PROBLEM DETAILS: Exact copy, no pictures: return only the lines below from the line with "Patrón floral floral" up to and including the line with "Anime picture 778x1100".

AVAILABLE RECORDS:
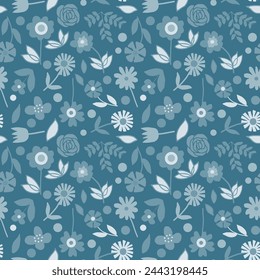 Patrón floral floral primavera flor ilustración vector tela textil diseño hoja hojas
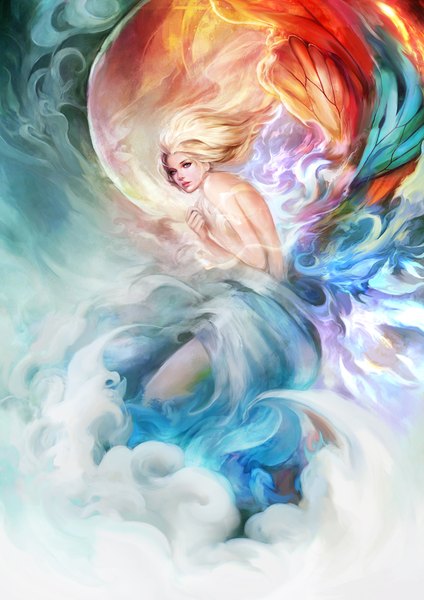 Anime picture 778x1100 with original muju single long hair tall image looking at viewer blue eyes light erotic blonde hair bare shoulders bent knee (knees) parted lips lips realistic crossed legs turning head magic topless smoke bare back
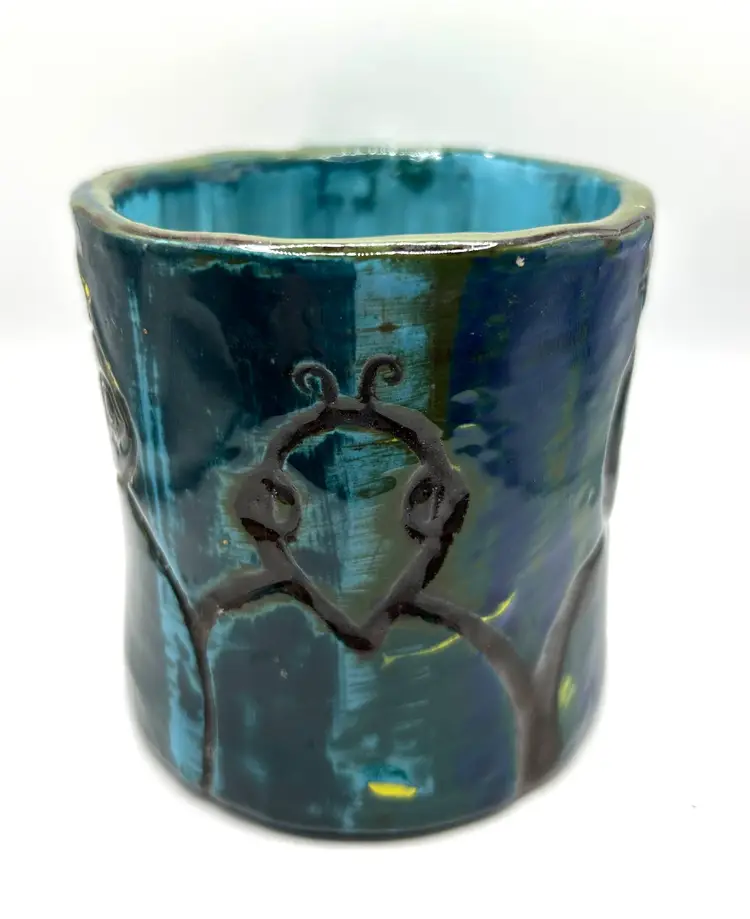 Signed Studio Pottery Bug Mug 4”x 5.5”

* * *

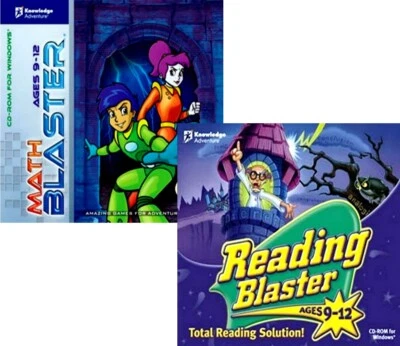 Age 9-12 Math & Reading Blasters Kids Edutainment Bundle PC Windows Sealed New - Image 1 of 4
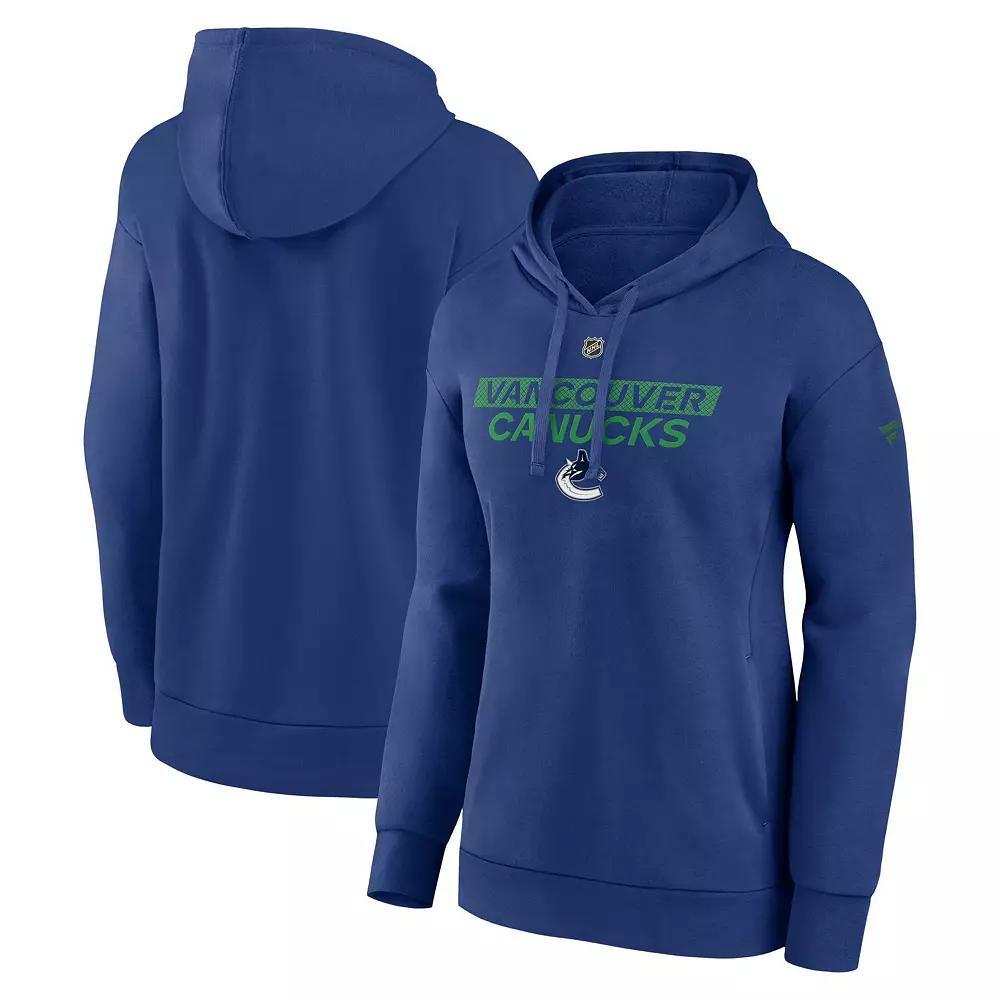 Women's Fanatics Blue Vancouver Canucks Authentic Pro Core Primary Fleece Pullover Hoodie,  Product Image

TASK RESULT:
 Patrón floral floral primavera flor ilustración vector tela textil diseño hoja hojas
 Anime picture 778x1100 with original muju single long hair tall image looking at viewer blue eyes light erotic blonde hair bare shoulders bent knee (knees) parted lips lips realistic crossed legs turning head magic topless smoke bare back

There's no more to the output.